From: Tony Rodriguez

Date: Tue May 19 2026 - 19:27:14 EST


Hi Thomas,

Thanks again for the careful analysis of the comparator ordering. After applying the changes in the patch I confirmed S7‑2 and T7‑1 systems no longer hang; timer scheduling now behaves as expected.

I don’t have bandwidth right now to finish the remaining tidy steps and I’d rather avoid delaying this fix. Since we worked on this together and you’re familiar with the issue, would you be willing to take it over so upstream has everything required for approval? I’m happy to answer any questions; if you’re busy I can ask the maintainer to reassign.

Thanks again for the review and the clear explanation.

Tony

On 5/19/26 7:22 AM, Thomas Gleixner wrote:
On SPARC64 the check:

return ((long)(new_tick - (orig_tick + adj))) > 0L;

Is safe only if retries make forward progress. The comparator can
take effect with a latency, so the moment when counter == comparator
may be missed, which can cause delays or hangs on some SPARC64 systems.

For clarity:
exp = orig_tick + adj /* expected comparator value */

The current check requires new_tick to be strictly greater than exp;
equality (new_tick == exp) is treated as not yet passed and the caller
will retry.
That's confusing at best.

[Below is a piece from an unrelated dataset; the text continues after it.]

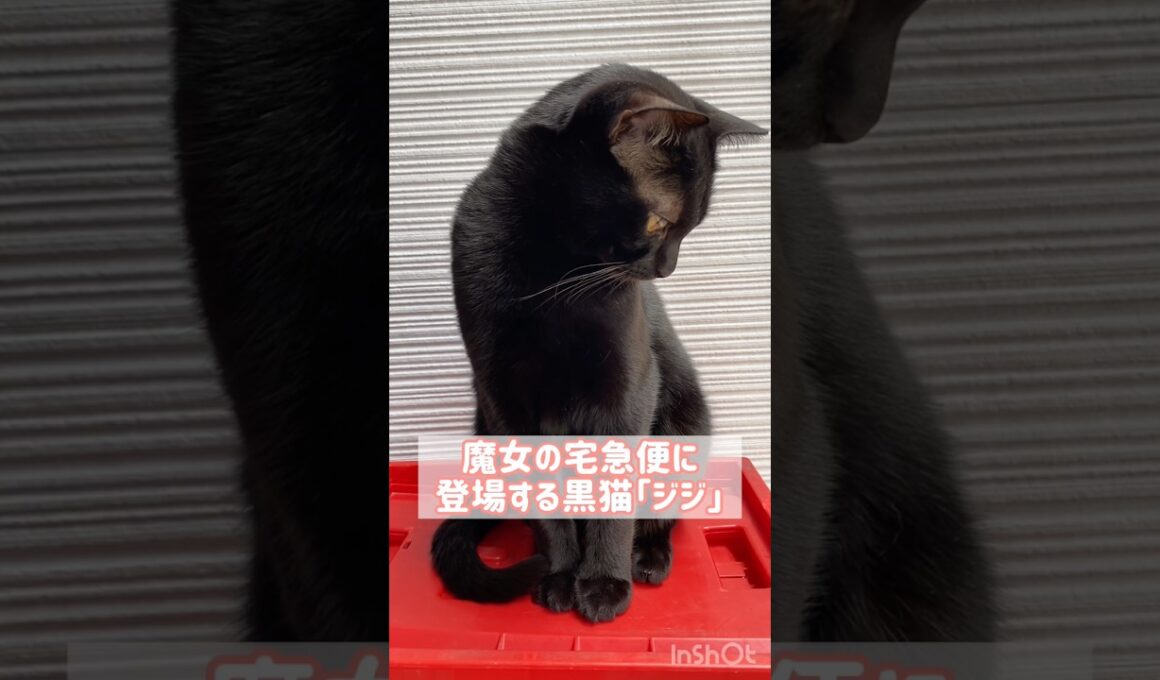 魔女宅の黒猫ジジの猫種はボンベイ？　#cat #猫 #ねこ #ねこのいる暮らし #ねこのいる生活 #ねこ動画 #猫好きさんと繋がりたい #魔女の宅急便 #ジブリ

You really want to explain how the ordering is
similar to what I described in the analysis:

exp = read_cnt() + delta_ticks;
write_cmp(exp);
return (read_cnt() - exp) > 0;

If the counter advanced past the expected expiry time, after writing it,
then the caller will retry, as the calling code does:

return tick.add_compare(delta_ticks) ? -ETIME : 0;

But it won't do so when the counter is equal, which is causing the
problem.

By contrast, using:

return ((long)(new_tick - (orig_tick + adj))) >= 0L;

causes the caller to stop retrying and assume the timer is scheduled;
both equality and greater-than are accepted (new_tick == exp or
new_tick > exp).
It's the other way round. When counter >= expiry time, then the write is
considered failed. If the counter has not yet reached expiry time,
i.e. it is smaller, then it assumes the timer is scheduled.

Signed-off-by: Tony Rodriguez<unixpro1970@xxxxxxxxx>
It would be nice to have a link to the original thread in the change log
itself as that gives people quick access when they are wondering about
this a year down the road.

Thanks,

tglx